The ninth degree of humility is, that a monk refrain his tongue from speaking, keeping silence until a question be asked him, as the Scripture sheweth: “In much talking thou shalt not avoid sin”: and, “The talkative man shall not be directed upon the earth.”
When Saint Pambo the Great was about to die, it is said that he remarked to the Presbyters Origen and Ammonios and to other holy men who were at his side: “From the time that I came to this desert, I have not repented, up until now, of any word that I have spoken; and in this state I am departing to God, as one who has not yet begun to serve Him.” The aforementioned men recounted to me that, when asked by anyone about a Scriptural phrase or some other matter of a practical nature, the Saint never offered an immediate response, but would say that he had not yet found the answer. Three months would often go by, and he would not give an answer, saying that he had not yet understood the point at issue. Thus, he answered questions after much thought, and as God willed,; and thus, everyone accepted them with great awe, as if they came from God Himself.
The man who knows how to hold his tongue avoids many sins and, above all, grows in humility. The compulsion to talk can be a manifestation of pride. Pride, however, can be related to insecurity, fear, and the need to control situations, things, and people. In all that he says, the talkative man may be saying, “I am here. Give me attention. Affirm me. Listen to me. Am I not loved? Am I not accepted? Am I not needed, wanted, and esteemed? Am I not clever, insightful, and funny?”
Family birth order continues to play itself out in the monastery in unexpected ways. The eldest child readily assumes responsibility. He is quick to take command. He enjoys being in charge of others. He speaks with the expectation of being heeded and followed. Not always consciously, he thinks of others as smaller than himself. He enjoys being complimented and praised. He can sin with his tongue by being peremptory, authoritarian, or over–confident.
The youngest child looks to others to take care of him. He requires more attention than another brother would. When he speaks, there is always an underlying expectation of being encouraged and praised. He can sin with his tongue by currying favour, or by looking for attention. He can also sin by sulking and not speaking so as to win sympathy.
The middle child often feels squeezed out of situations. He feels that no one has time for him, that he is forgotten, or not important, or not valued. The middle child can feel caught between two poles of attraction. He sometimes needs to kick up a rage in order to be acknowledged and heeded. He can sin with his tongue by being sharp or by lashing out.

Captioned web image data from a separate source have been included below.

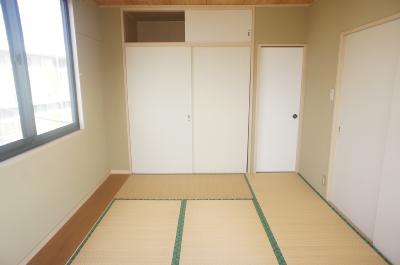 Living and room. Again Japanese-style room is calm!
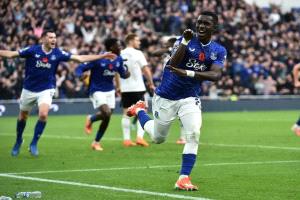 إيفرتون يهزم فولهام بثنائية في الدوري الإنجليزي الممتاز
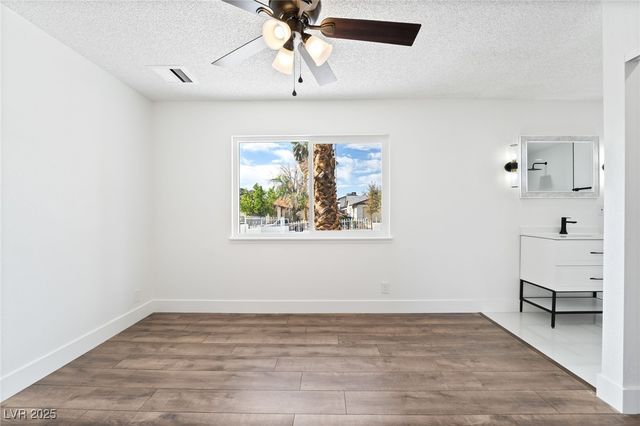 4312 Chrysalis Drive, Las Vegas, NV 89121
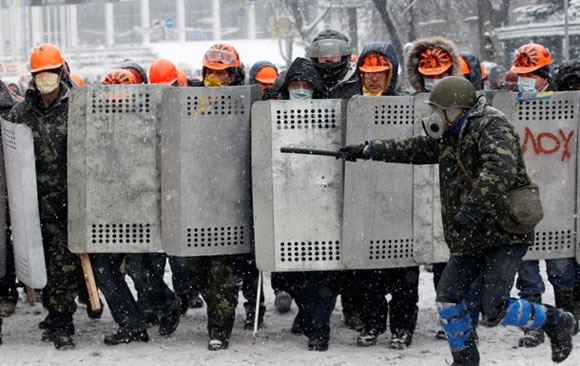 В столице Украины неизвестные избили в метро военнослужащего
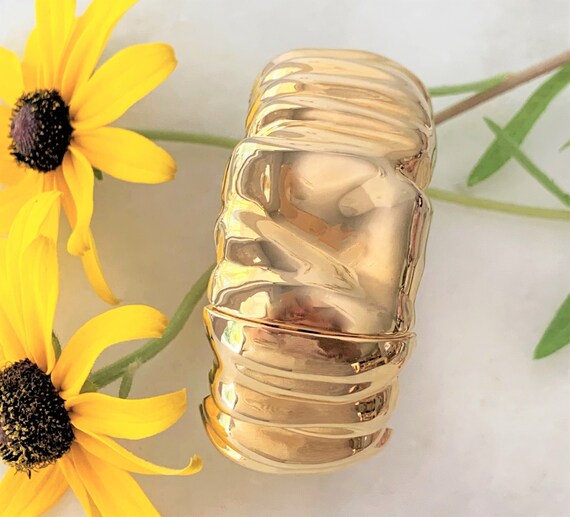 Rippled Spring Hinged Oval Bangle Bracelet in Pol… - image 6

These birth order profiles are not absolute nor are they to be taken without nuance and adjustment. They can, all the same, help us to understand why a brother speaks as he does, or why he speaks too much, or speaks with a particular emotional charge. Silence — when it is not the sulky taciturnity of the inner teenager — is an effective means to growth in humility.
An Elder said: “One man thinks that he is being silent, and yet his heart is judging others; such a man is always talking. Another man talks from morning until evening and yet keeps silence; that is, he says nothing that is not beneficial.”

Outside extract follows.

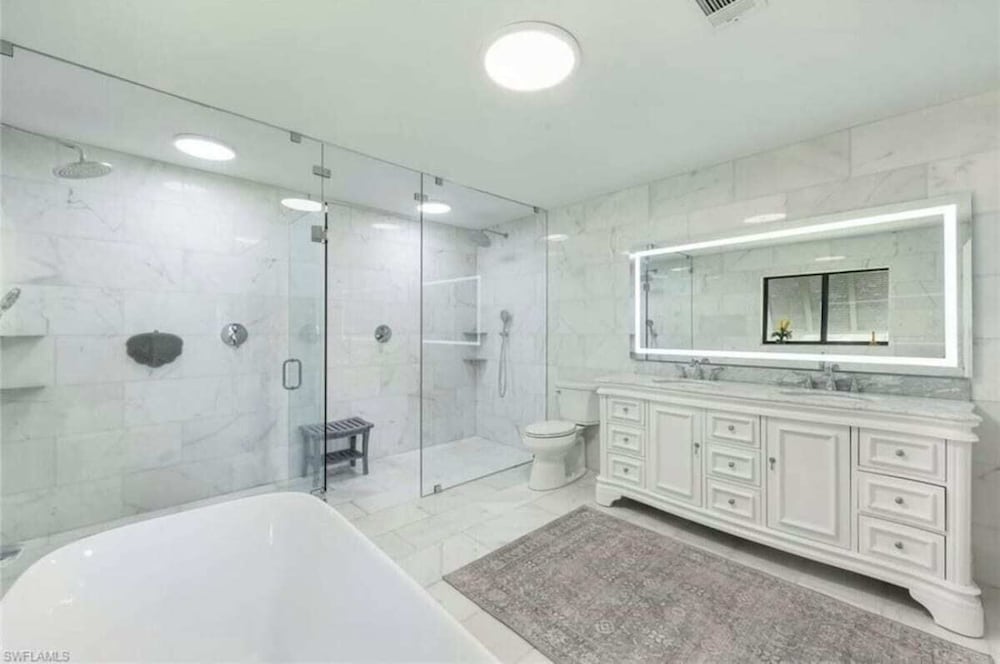 Oceanfront Retreat in Fort Myers - 3 Bedrooms, Private Pool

An Elder was asked: “What does it mean to give an account for an idle word?” (St Matthew 12:36). And he replied: “Any talk about bodily matters, beyond what is necessary, is idle talk; the only talk that is not idle is talk about the salvation of the soul. Nevertheless, even in this instance, it is better to keep silence as much as possible, for no sooner do you talk about what is good, than evil also comes.”

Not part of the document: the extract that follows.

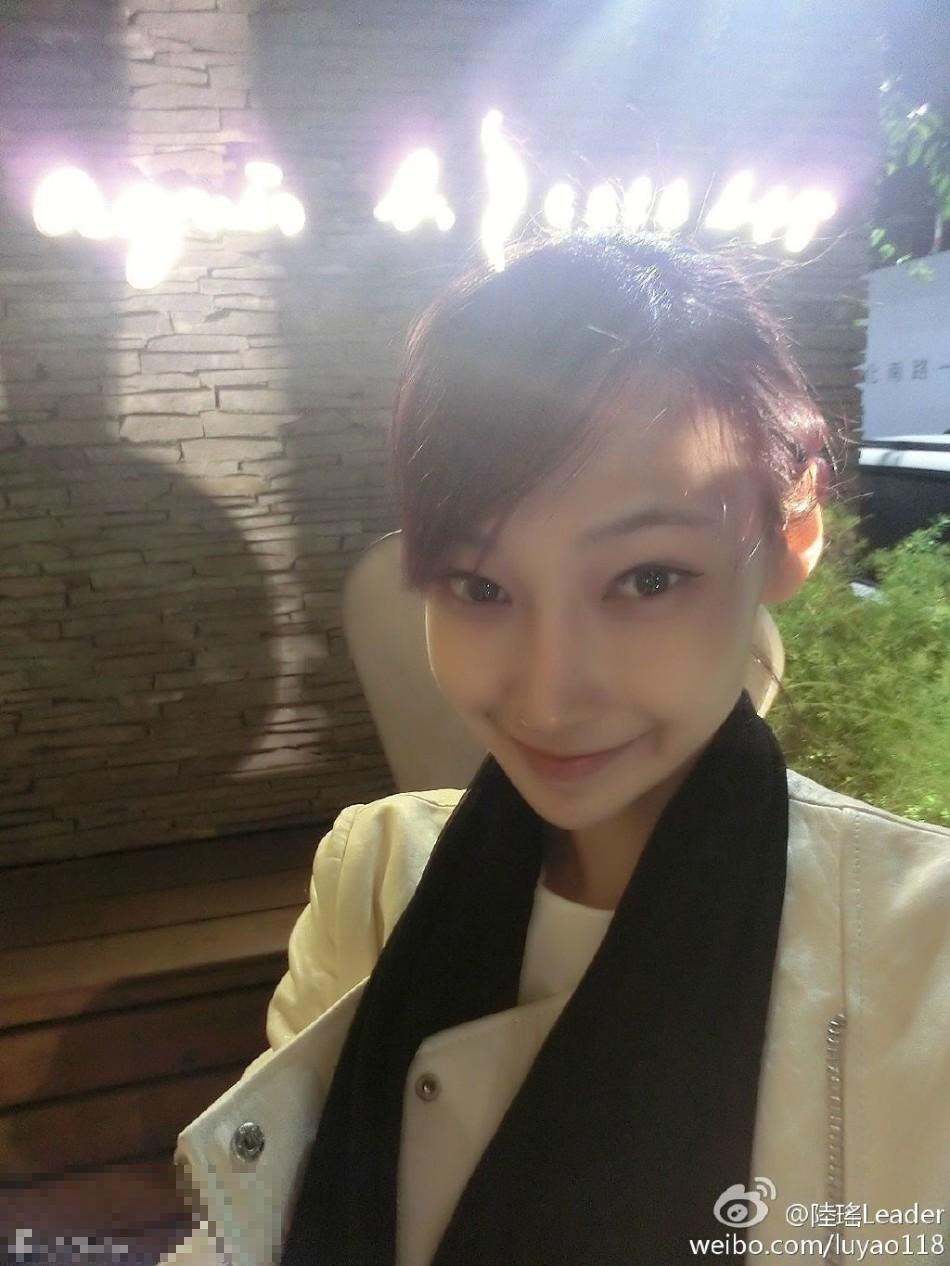 李荣浩首度承认与杨丞琳恋情 否认已领结婚证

It goes without saying that a monk applies himself first of all to keeping silence at the hours and in the places where silence is prescribed. We have to make a special effort at silence after the second bell for Holy Mass or for the Divine Office. There is often a temptation to communicate one last thing, to ask a question, or to settle some matter. Under no conditions, apart from a real emergency, should a brother question a superior after the second bell for the Holy Mass or for the Divine Office.